===== THE DATA =====

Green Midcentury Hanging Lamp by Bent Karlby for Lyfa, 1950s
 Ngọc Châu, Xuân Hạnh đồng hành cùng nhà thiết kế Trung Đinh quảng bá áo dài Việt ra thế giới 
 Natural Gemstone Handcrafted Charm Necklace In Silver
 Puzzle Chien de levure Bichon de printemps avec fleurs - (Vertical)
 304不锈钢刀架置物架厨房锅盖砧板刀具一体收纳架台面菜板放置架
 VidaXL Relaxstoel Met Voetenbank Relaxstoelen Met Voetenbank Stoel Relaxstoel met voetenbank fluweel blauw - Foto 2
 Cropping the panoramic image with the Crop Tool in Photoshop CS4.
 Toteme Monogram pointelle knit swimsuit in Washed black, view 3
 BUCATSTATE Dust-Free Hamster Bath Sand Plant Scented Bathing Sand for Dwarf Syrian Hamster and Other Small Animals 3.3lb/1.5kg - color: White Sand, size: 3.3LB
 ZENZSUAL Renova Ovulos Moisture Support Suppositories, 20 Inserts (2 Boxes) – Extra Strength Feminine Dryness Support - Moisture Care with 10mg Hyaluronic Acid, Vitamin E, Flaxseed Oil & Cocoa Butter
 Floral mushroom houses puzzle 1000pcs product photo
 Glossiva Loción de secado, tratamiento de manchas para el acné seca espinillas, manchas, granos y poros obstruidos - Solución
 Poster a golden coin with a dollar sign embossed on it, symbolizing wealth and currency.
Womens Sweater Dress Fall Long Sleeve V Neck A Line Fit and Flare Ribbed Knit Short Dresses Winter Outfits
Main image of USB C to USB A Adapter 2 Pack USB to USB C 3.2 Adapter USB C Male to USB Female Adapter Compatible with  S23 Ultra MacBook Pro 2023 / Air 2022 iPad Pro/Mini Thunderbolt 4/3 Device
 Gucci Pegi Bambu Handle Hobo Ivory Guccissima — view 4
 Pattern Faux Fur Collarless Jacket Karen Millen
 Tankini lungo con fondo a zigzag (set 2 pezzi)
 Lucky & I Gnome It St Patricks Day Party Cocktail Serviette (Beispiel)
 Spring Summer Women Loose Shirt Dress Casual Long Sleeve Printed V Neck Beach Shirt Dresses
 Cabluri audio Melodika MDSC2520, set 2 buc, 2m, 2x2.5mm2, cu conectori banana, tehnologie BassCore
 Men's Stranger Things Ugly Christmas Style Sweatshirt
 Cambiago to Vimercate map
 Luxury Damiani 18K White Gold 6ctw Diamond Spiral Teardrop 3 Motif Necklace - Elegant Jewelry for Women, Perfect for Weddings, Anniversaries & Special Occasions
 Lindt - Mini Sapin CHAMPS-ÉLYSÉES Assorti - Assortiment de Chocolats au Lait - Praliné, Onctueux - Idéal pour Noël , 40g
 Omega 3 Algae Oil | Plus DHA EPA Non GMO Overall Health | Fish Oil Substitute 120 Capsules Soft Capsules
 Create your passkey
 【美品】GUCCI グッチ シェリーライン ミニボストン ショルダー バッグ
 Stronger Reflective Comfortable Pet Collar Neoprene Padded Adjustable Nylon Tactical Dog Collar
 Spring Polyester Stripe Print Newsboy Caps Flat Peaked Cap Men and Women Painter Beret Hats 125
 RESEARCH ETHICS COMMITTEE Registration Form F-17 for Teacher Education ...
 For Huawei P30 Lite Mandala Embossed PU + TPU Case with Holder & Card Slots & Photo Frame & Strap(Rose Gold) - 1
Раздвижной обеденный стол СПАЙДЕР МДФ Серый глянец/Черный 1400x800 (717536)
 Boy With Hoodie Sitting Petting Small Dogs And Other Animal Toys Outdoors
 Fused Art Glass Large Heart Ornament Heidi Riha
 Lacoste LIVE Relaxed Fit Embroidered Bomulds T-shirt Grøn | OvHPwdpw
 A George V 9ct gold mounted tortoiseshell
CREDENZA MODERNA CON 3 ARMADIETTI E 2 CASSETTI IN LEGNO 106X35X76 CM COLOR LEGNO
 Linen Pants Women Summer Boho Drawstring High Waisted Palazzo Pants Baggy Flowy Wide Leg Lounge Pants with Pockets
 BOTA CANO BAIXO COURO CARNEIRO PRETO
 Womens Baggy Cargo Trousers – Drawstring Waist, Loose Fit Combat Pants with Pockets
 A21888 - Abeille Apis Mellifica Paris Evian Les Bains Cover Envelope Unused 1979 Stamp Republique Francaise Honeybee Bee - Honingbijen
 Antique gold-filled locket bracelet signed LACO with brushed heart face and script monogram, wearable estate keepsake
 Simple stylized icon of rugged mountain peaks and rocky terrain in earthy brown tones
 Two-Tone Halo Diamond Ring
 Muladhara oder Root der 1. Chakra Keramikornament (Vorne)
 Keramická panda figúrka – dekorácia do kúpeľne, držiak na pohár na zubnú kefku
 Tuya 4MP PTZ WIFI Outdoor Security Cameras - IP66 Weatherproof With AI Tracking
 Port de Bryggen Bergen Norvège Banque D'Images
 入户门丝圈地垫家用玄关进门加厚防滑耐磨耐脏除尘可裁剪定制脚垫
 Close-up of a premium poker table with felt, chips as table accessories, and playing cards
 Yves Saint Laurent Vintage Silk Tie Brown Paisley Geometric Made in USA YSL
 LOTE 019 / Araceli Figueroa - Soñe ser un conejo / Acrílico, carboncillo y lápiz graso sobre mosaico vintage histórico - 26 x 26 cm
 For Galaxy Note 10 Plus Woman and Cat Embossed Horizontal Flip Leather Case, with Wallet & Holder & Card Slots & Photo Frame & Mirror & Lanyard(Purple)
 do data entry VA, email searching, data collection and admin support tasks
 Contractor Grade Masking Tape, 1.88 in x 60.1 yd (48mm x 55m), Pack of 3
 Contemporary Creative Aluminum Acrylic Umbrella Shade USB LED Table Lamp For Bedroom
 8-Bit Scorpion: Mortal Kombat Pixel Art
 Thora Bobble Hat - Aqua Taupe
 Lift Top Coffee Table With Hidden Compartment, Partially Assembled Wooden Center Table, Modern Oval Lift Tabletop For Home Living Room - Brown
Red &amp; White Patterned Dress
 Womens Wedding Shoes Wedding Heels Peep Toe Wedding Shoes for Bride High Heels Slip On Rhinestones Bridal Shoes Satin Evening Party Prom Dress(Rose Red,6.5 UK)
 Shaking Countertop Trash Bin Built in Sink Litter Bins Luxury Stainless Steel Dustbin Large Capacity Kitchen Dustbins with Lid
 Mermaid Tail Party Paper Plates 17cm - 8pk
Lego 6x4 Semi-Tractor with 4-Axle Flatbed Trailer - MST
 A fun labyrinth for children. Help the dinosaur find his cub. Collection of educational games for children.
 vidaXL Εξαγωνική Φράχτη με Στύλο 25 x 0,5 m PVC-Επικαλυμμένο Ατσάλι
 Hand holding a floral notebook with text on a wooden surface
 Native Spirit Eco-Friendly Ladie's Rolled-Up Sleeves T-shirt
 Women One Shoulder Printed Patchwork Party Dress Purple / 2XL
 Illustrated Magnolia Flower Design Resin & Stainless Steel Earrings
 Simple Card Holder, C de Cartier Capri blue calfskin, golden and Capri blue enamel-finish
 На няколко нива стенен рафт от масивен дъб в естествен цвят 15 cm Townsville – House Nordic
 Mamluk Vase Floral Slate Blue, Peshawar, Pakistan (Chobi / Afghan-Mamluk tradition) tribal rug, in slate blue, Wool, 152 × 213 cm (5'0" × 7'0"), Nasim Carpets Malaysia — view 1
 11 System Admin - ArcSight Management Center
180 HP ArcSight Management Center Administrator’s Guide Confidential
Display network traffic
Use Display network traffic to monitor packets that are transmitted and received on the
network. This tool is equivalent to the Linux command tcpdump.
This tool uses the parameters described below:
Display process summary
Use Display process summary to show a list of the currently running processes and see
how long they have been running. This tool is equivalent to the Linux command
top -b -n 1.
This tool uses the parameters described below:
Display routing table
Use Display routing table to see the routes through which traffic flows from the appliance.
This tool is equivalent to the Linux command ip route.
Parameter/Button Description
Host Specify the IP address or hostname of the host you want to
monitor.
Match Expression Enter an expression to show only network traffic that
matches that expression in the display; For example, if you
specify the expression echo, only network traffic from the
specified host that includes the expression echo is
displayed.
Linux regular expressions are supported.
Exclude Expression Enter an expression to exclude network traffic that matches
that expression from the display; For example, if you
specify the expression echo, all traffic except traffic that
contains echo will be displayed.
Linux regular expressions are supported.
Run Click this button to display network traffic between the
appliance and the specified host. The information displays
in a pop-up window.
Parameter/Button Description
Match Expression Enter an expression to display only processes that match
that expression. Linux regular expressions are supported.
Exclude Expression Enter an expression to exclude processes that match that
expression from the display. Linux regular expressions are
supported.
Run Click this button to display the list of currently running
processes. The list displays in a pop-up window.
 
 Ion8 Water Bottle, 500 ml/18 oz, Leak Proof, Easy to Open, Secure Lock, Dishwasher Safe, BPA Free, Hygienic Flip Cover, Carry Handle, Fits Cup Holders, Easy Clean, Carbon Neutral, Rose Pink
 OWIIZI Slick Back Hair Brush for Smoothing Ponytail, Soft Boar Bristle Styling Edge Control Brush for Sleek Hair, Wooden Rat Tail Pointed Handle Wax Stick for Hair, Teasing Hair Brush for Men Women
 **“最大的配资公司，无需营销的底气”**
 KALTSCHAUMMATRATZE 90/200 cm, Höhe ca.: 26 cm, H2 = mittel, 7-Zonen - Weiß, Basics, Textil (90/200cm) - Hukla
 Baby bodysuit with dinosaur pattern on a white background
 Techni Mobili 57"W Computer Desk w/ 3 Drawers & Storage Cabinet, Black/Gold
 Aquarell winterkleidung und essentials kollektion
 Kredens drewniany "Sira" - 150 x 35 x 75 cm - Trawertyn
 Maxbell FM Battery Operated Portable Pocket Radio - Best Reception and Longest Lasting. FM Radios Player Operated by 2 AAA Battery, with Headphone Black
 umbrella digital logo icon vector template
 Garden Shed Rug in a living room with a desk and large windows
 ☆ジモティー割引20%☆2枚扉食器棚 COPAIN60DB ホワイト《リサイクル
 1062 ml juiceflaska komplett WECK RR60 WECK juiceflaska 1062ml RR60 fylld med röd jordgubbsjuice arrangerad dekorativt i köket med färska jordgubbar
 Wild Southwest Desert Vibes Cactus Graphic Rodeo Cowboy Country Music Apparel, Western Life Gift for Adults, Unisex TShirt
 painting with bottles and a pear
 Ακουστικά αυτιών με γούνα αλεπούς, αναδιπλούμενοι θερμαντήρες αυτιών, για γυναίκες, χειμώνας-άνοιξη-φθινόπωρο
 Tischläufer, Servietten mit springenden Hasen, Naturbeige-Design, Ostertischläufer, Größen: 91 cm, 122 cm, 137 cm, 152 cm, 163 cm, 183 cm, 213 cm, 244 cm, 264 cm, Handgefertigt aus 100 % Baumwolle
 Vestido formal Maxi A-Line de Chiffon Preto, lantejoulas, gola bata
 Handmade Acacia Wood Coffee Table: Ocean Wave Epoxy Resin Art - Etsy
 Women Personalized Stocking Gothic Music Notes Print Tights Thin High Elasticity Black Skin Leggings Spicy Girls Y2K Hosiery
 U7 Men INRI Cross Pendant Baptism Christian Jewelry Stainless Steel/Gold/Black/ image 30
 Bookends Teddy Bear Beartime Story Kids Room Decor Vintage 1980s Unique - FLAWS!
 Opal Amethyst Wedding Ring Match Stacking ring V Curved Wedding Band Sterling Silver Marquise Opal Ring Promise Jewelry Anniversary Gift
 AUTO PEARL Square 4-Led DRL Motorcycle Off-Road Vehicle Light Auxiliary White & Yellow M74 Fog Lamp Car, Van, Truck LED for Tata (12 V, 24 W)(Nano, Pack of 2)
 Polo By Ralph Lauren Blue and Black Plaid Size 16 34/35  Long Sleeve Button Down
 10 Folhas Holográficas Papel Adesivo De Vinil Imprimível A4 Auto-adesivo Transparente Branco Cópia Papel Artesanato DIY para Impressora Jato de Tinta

=====

=== WORK INSTRUCTION ===
Beginning with the line containing "8-Bit Scorpion: Mortal Kombat Pixel Art" in the material above, copy every line exactly until you have copied the line containing "Lego 6x4 Semi-Tractor".

=== WRITTEN SOLUTION ===
 8-Bit Scorpion: Mortal Kombat Pixel Art
 Thora Bobble Hat - Aqua Taupe
 Lift Top Coffee Table With Hidden Compartment, Partially Assembled Wooden Center Table, Modern Oval Lift Tabletop For Home Living Room - Brown
Red &amp; White Patterned Dress
 Womens Wedding Shoes Wedding Heels Peep Toe Wedding Shoes for Bride High Heels Slip On Rhinestones Bridal Shoes Satin Evening Party Prom Dress(Rose Red,6.5 UK)
 Shaking Countertop Trash Bin Built in Sink Litter Bins Luxury Stainless Steel Dustbin Large Capacity Kitchen Dustbins with Lid
 Mermaid Tail Party Paper Plates 17cm - 8pk
Lego 6x4 Semi-Tractor with 4-Axle Flatbed Trailer - MST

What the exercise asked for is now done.